In one embodiment, the mixing stage comprises using an inline shear mixer. In one embodiment, the mixing stage comprises using a pump.
In one embodiment, the dosage of demulsifier ranges from about 100 ppm to about 1000 ppm, preferably, between about 100 ppm to about 500 ppm.
Additional aspects and advantages of the present invention will be apparent in view of the description, which follows. It should be understood, however, that the detailed description and the specific examples, while indicating preferred embodiments of the invention, are given by way of illustration only, since various changes and modifications within the spirit and scope of the invention will become apparent to those skilled in the art from this detailed description.
The invention will now be described by way of an exemplary embodiment with reference to the accompanying simplified, diagrammatic, not-to-scale drawing:
The detailed description set forth below in connection with the appended drawing is intended as a description of various embodiments of the present invention and is not intended to represent the only embodiments contemplated by the inventor. The detailed description includes specific details for the purpose of providing a comprehensive understanding of the present invention.

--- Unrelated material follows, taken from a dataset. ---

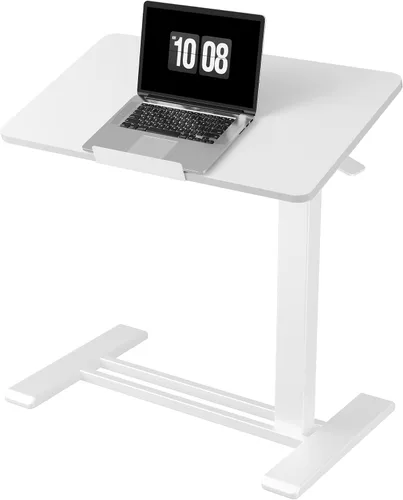 Vista 14 de FLEXISPOT H7 PRO Mesa de pie móvil ajustable para cama con ruedas neumáticas, mesa para laptop portátil, inclinable 90°, carro para computadora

However, it will be apparent to those skilled in the art that the present invention may be practised without these specific details.
The present invention relates generally to a method for processing bitumen froth to produce a diluted bitumen product having reduced water. In order to be suitable for further processing (upgrading) to produce an acceptable bitumen product quality, it is desirable for the dry bitumen product to have less than about 25 ppm chlorides. Because oil sand ore can have a wide range of salt concentrations (chlorides), it is necessary to have a method that can consistently deliver such a dry bitumen product.
As used herein, the term “gravity-based” froth treatment method refers to an operation in which diluted bitumen is separated from water and solids using gravity, and is therefore distinguished from other separation operations such as molecular sieve processes, absorption processes, adsorption processes, magnetic processes, electrical processes, and the like. As used herein, the term “gravity settler” refers to any suitable apparatus that facilitates gravity settling including, but not limited to, a gravity settling vessel and an inclined plate separator (“IPS”). As used herein, the term “IPS” refers to an apparatus comprising a plurality of stacked inclined plates onto which a mixture to be separated may be introduced so that the mixture passes along the plates in order to achieve separation of components of the mixture.
As used herein, the term “centrifuge-based” froth treatment method refers to an operation in which bitumen is separated from water and solids using centrifugal acceleration or centripetal acceleration resulting from rotational movement of a suitable apparatus including, but not limited to, a scroll centrifuge, disc centrifuge, hydrocyclone, propelled vortex separator, and the like.
As used herein, the term “demulsifier” refers to an agent which breaks emulsions or causes water droplets either to coalesce and settle, or to flocculate and settle in flocs. Demulsifiers are commonly formulated from the following types of chemistries: polyglycols and polyglycol esters, ethoxylated alcohols and amines, ethoxylated resin, ethoxylated phenol formaldehyde resins, ethoxylated nonylphenols, polyhydric alcohols, ethylene oxide, propylene oxide block copolymer fatty acids, fatty alcohols, fatty amine and quaternaries and sulfonic acid salts.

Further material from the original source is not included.